According to the Special Rules on the Labor Protection of Female Employees (女职工劳动保护特别规定), female employees are entitled to the following special leaves:

  • A total of 98 days of maternity leave, including 15 days before birth.
  • Additional special leave for a “late” childbirth (as explained below, the rules vary by locality).
  • An additional 15 days of special leave for a “difficult” childbirth.
  • An additional 15 days of special leave for each additional child (twins, triplets, etc.)
  • 15 days of special leave for an employee who miscarries when less than four months pregnant.
  • 42 days of special leave for an employee who miscarries when more than four months pregnant.

As noted above, the rules on additional special leave for a late childbirth differ by locale. For example, in Jiangsu province, the Jiangsu Province Population and Family Planning Regulation (江苏省人口与计划生育条例) mandates employers give an additional 30 days leave for a “late” childbirth and an additional 10 days of giving care leave for the husband. For purposes of China’s employment laws, a childbirth is considered “late” if the woman has reached the age of 24 and is giving birth for the first time, or if the woman was married after the age of 23, and is giving birth for the first time.
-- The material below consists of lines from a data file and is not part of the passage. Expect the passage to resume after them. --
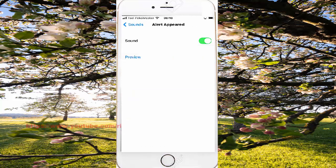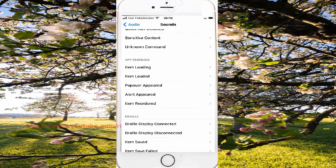To turn on alert appeared, tap the switch on screen. Or to turn off, tap the switch on screen. Thank you for watching.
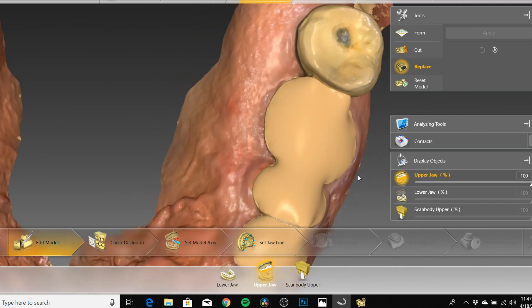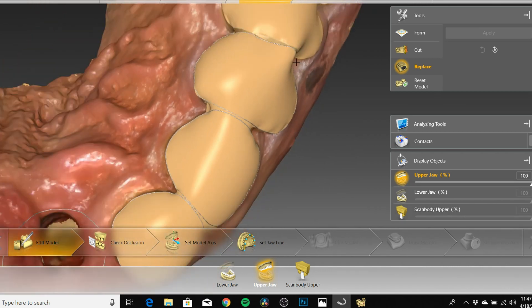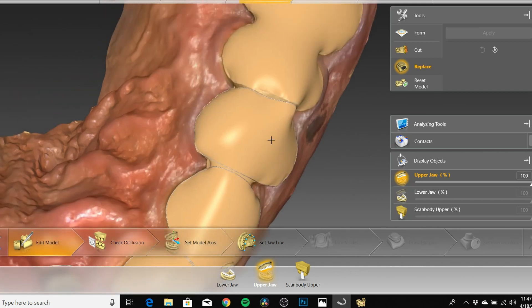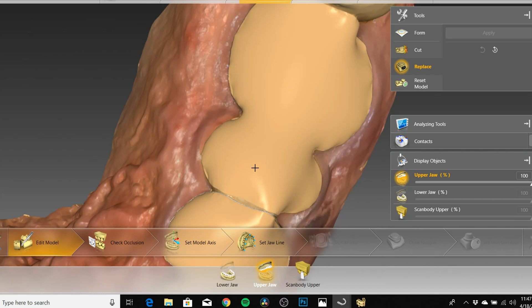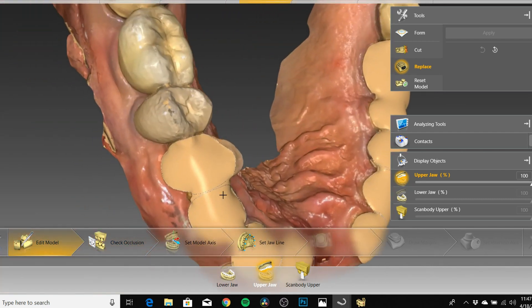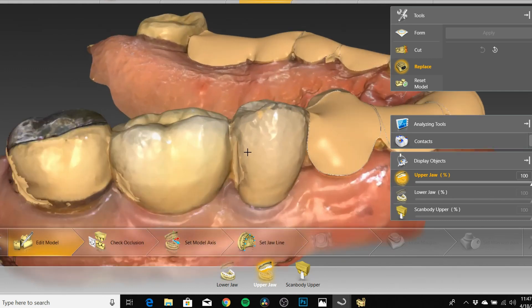Then you would just go in and mark your margins around this area. One thing to know when marking these margins: you don't want them to intersect. The only way you can tell is once you get to Set Insertion Axis — if any of the margins are intersecting, you won't be able to virtually seat the crowns to print your models. So just keep that in mind. You want to ensure that the mesial margin of one tooth isn't intersecting with the distal margin of the adjacent tooth.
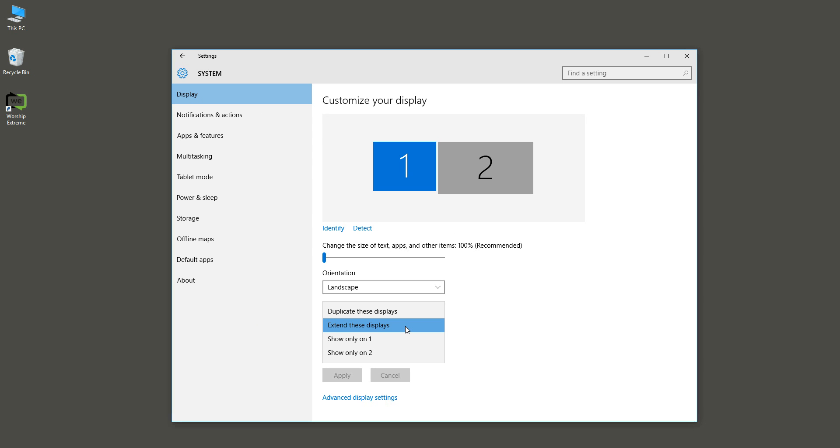What that will do is allow each display to have its own output, and it won't just duplicate what's shown on one to the other. Once that's set up, click Apply.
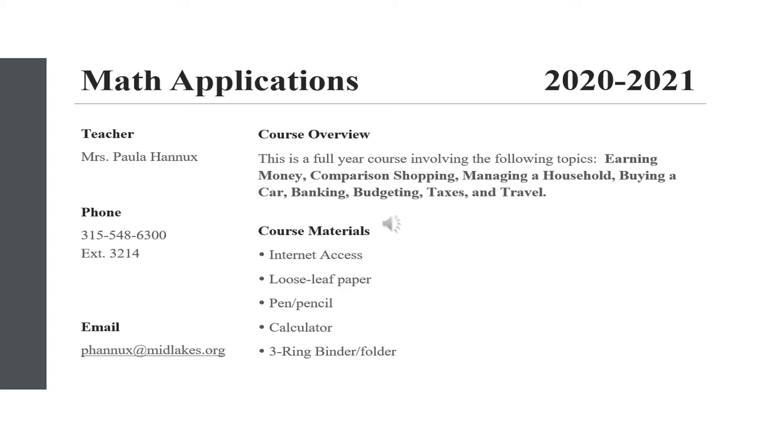Students will need internet access, paper, writing utensils, a calculator, and a folder or binder to keep only math materials.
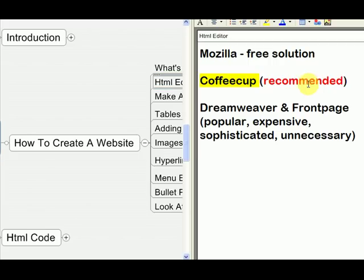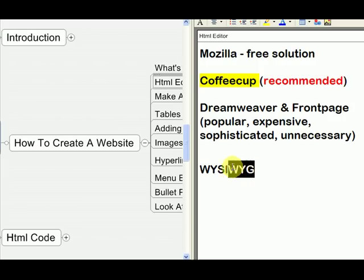An HTML editor is a software program that makes web pages for you. When I say HTML editor, I basically mean it's a what-you-see-is-what-you-get editor, and the abbreviation for that is WYSIWYG. So WYSIWYG stands for 'what you see is what you get.' HTML editors are WYSIWYG — what you see is what you get. It's just like using a word processor. If you type something in Microsoft Word to type a letter, that's exactly how a WYSIWYG HTML editor works, but instead of making a Word document, it makes a web page file.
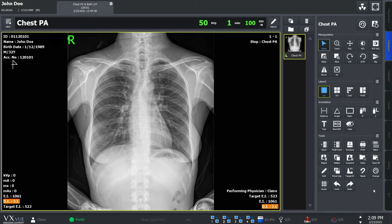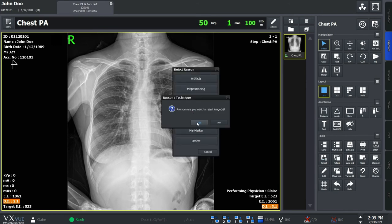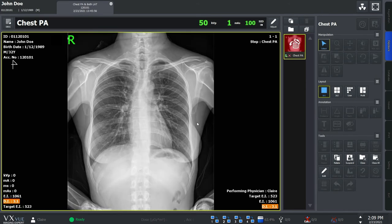When an x-ray image cannot be used due to patient movement or technical issues, you can click reject to indicate you will not approve the image. Click on the reason to reject the study. You will see that the study is indicated in red. Once you've rejected an image, you'll have to retake it.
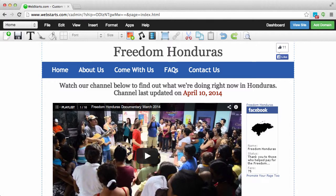Don't forget to visit WebStarts.com to make your very own free website and see more helpful videos like this.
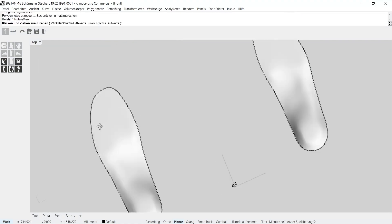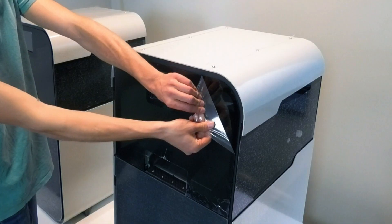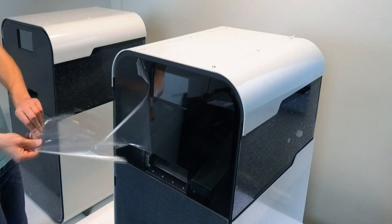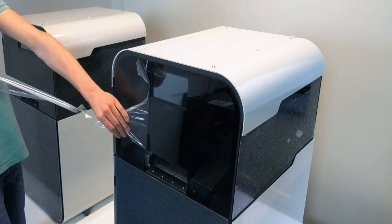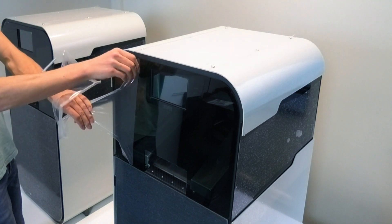The insole is now ready to print, but first let's have a look at the setup of the printer.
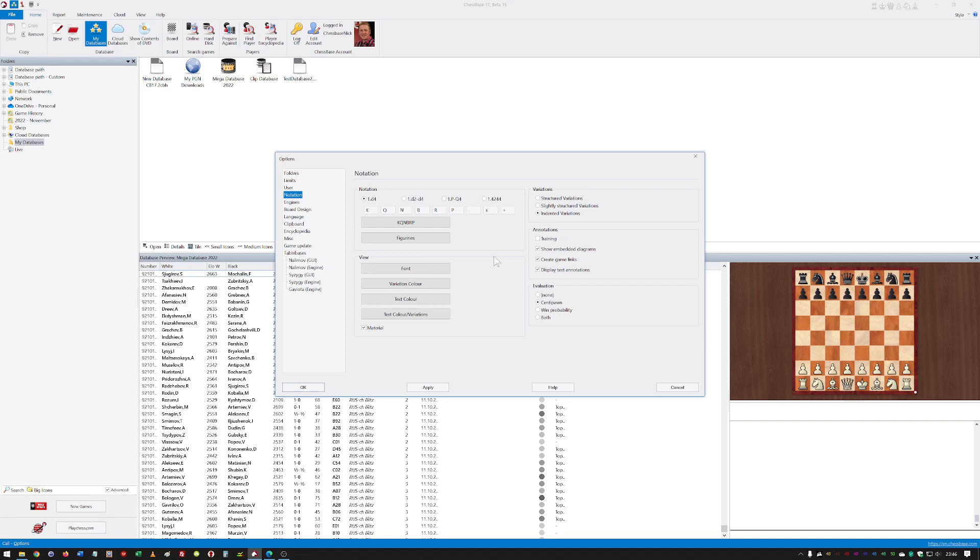So, again, take a moment when you first load this up to go through some of these functions, some of these features. Set the program how you want it to be. I think it will make your experience so much more enjoyable.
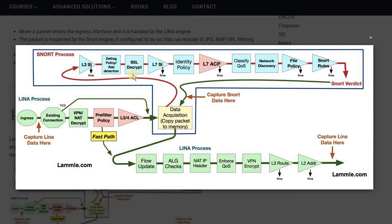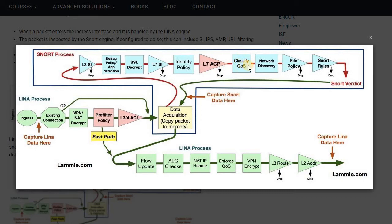For this video, consider that SSL decryption is not configured — it will just pass traffic to the next level. It will then perform Layer 3, Layer 4, and Layer 7 security intelligence, which also performs application-level detections. If an application is not explicitly allowed, it will block and drop that traffic. If an identity policy is configured, the traffic continues through it; if not, it goes to the Layer 7 access control policy. From there, QoS configuration is checked, followed by network discovery, file policy, and IPS rules.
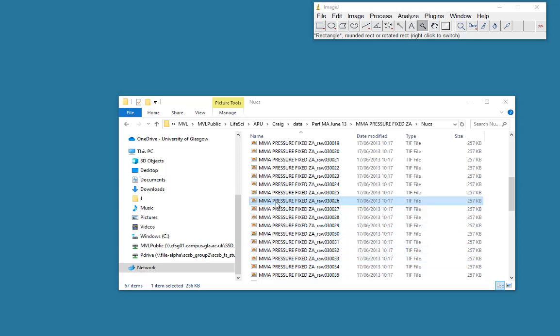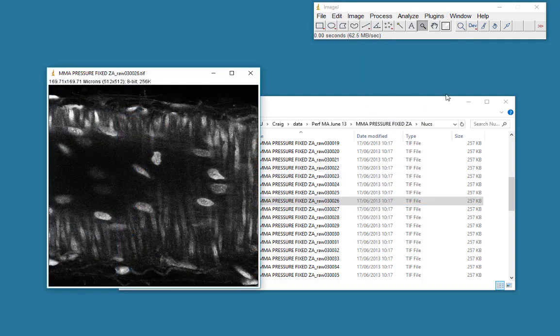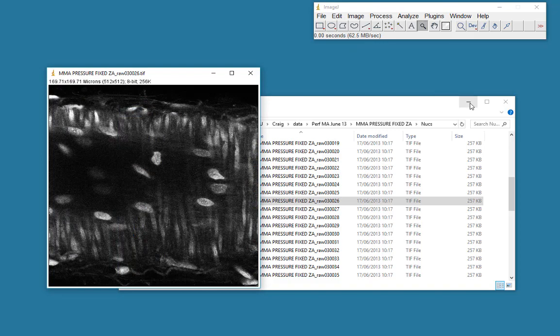So the first thing is to pick a suitable image. I'll just drop this onto ImageJ and I'll minimize this.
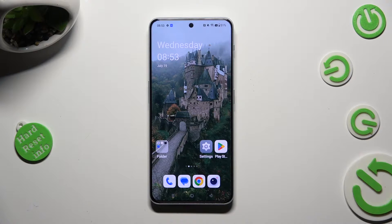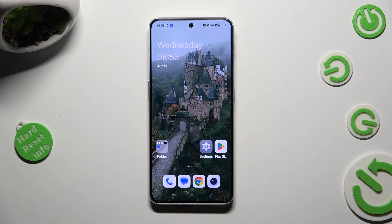Hi, in front of me is Oneplus Nerd and Ferdy, and today I would like to show you how you can resize font.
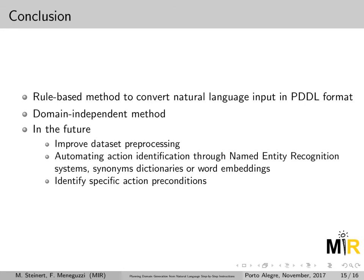In the future, we want to improve our dataset preprocessing. It is important to have a better interpretation of our sentences to extract information in order to retrieve more actions and solve more actions, resulting in more accurate plans. We also want to automate some tasks like action identification using named entity recognition systems. Currently the system is rule-based and static, so we want to use synonymous dictionaries or word embeddings to compare words. The most challenging aspect to solve is identifying action preconditions specifically, because using previous action effects as preconditions means we cannot explore heuristics or generate optimal plans.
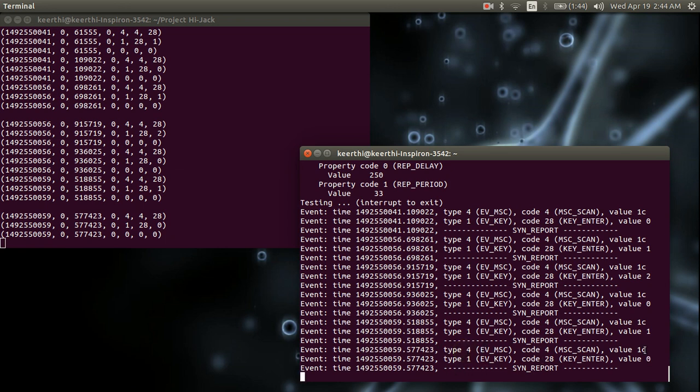And the second line, which is the most important line, contains the code number 28. 28 on the keyboard corresponds to the enter key.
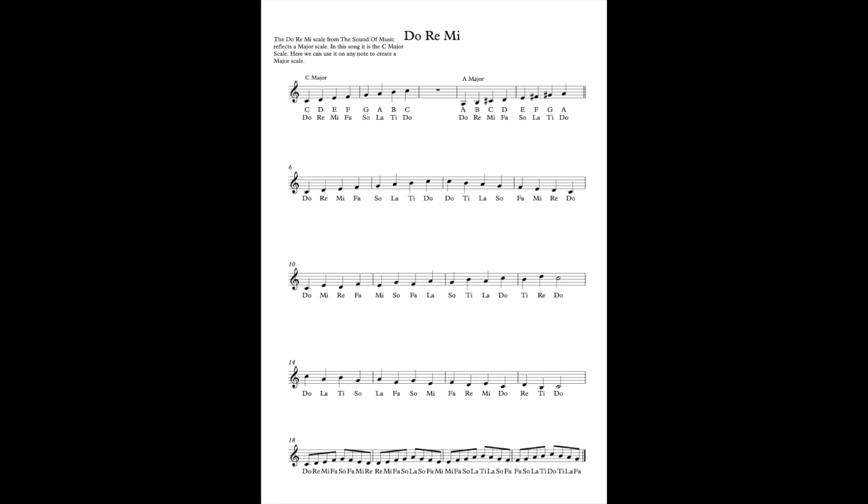Do, Re, Mi, Fa, Sol, Fa, Mi, Re, Re, Mi, Fa, Sol, La, Sol, Fa, Mi, Fa, Sol, La, Ti, La, Sol, Fa, Fa, Sol, La, Ti, Do, Ti, La, Fa.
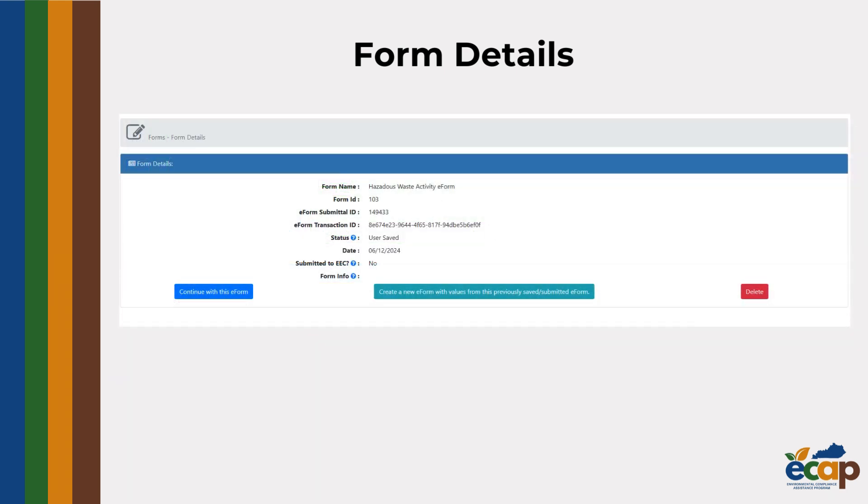For the eForm here, you can see the basic information about the form. You can also find the options to continue with an eForm after saving, or start a new eForm from a submitted one.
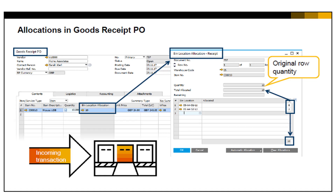For example, when there is not enough room for all received units in one bin location, you can choose to allocate part of the quantity to another bin location. Thereby ensuring traceability of individual items in the warehouse, using bin location allocating for items in SAP Business One.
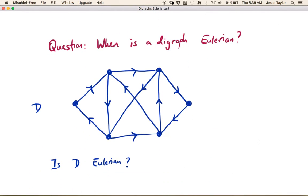The real purpose of this video is to think about when a directed graph is Eulerian. An Eulerian circuit is one that uses all the edges — 'Euler and E' is the mnemonic. So, for this graph D in blue: can I start at one of my vertices and travel around using every single arc in this directed graph and end up back where I started? You may want to pause and play around with this.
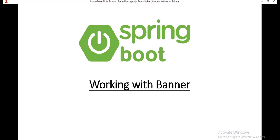Today we are going to discuss about Banner in Spring Boot. As part of this discussion, we will understand what is Banner in Spring Boot, how to customize that banner content, and how to disable that banner.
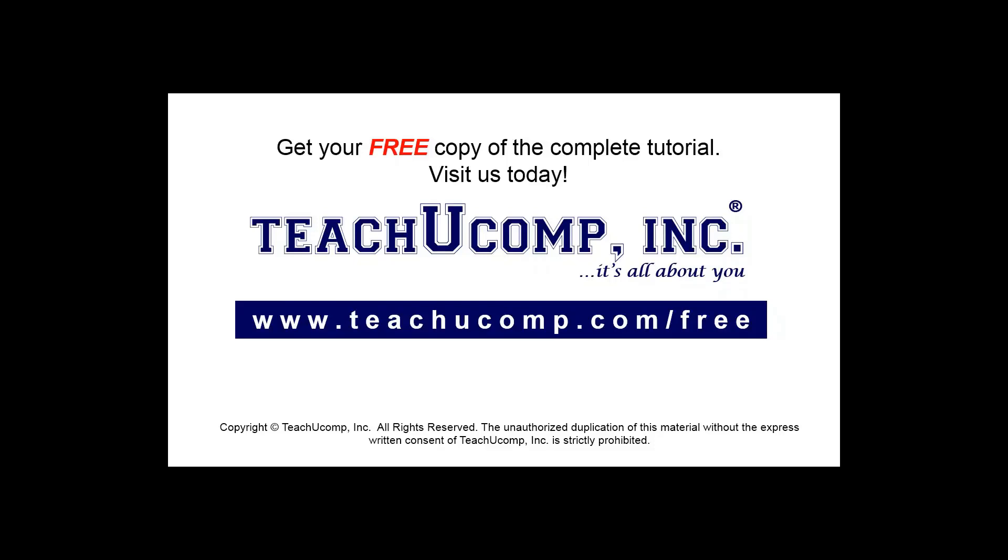Get your free copy of the complete tutorial at www.teachucomp.com forward slash free.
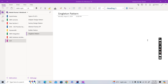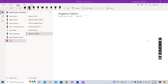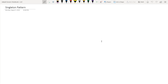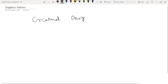Hi guys, welcome to Piece of Code and welcome to this video. In this video we are going to continue our low level design pattern series, and today we're going to see one of the very basic creational patterns — the singleton pattern. The singleton pattern comes under the creational design pattern. Basically, whatever design pattern helps you to create an object is known as a creational design pattern.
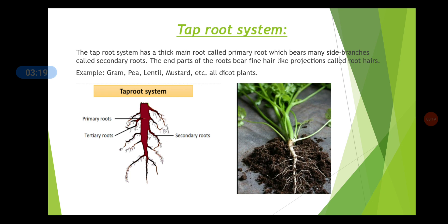These secondary roots are branched into smaller, very thin branches known as tertiary roots. The end portions of the root bear very fine hair-like projections known as root hairs, which may or may not be visible to our eyes. Examples of the tap root system are gram, peas, lentil, mustard — all dicotyledonous plants have a tap root system. In the second figure you can see the coriander plant with the primary root branching into secondary roots — coriander is also a dicot plant.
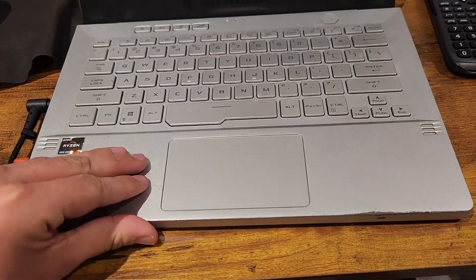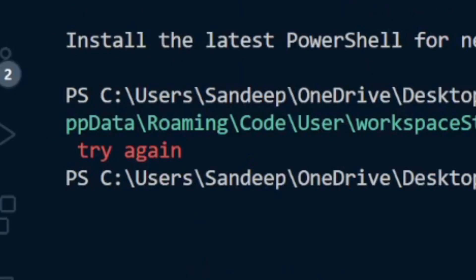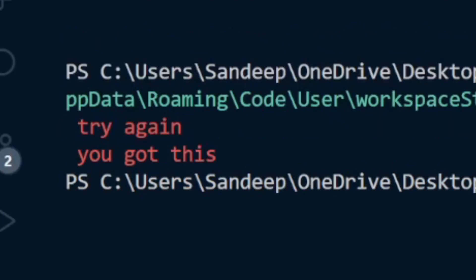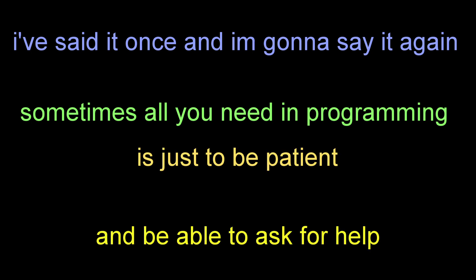If he was calm like you, locked up inside your lips, and he'd go for a while — all he had to say was goodbye. I've said it once and I'm gonna say it again: sometimes all you need in programming is just to be patient and be able to ask for help.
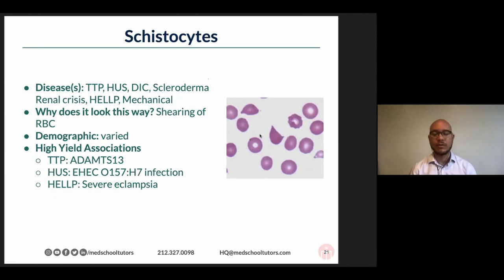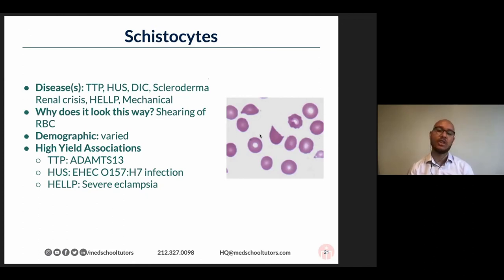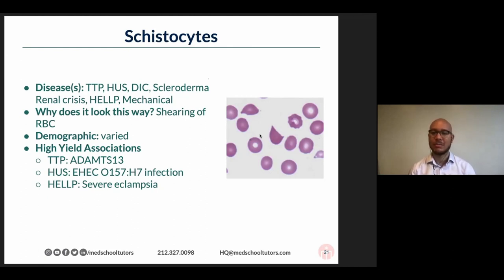This highlights the importance of the rest of the clinical information presented to you in the vignette. As a shout-out, a lot of these images are from the American Society of Hematology Image Bank, which if you just Google, you'll find hundreds of examples of beautiful peripheral smears.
China employers also must provide at least one hour per day during normal working hours for female employees who need to breastfeed, until the baby turns one year old. Female employees who birthed more than one baby get an additional hour per day for breastfeeding for each additional baby.

Bottom line: Chinese labor law offers a number of protections to female employees who are pregnant or nursing. And as is true of just about all aspects of China’s employment laws, you as employer need to be mindful of both national and local requirements on this.

One response to “How to Treat your Pregnant or Nursing Employees in China”

  1. The real bottom line is you need to deal with some very outrageous outliers as part of the expense consideration when trying to hire some very talented young women. I’ve had one former employee who went AWOL after the second month of pregnancy, produced fake medical leave slips for 3 months(with the hospital providing a written and sealed statement stating the doctor was “merely complying with a patient’s request based on what she said the company needs and did not conduct any medical examinations”), then simply being absent for the rest of the time, and us paying all the way till after childbirth, including social security and full salary, but when we terminated her contract based on her not coming in 2 months after childbirth, a labor arbitration panel with the typical fresh out of school arbiter presiding in a district in Shanghai ruled us in violation, with punitive fines.
    And it’s not limited to foreign companies, I’ve had many local friends who’ve experienced the same, or take advantage of the same status quo. It might be a bit blunt to say, but that’s not a good thing for female employees in the long run. Of course that’s a bit off topic – it is what it is, so don’t take it lightly.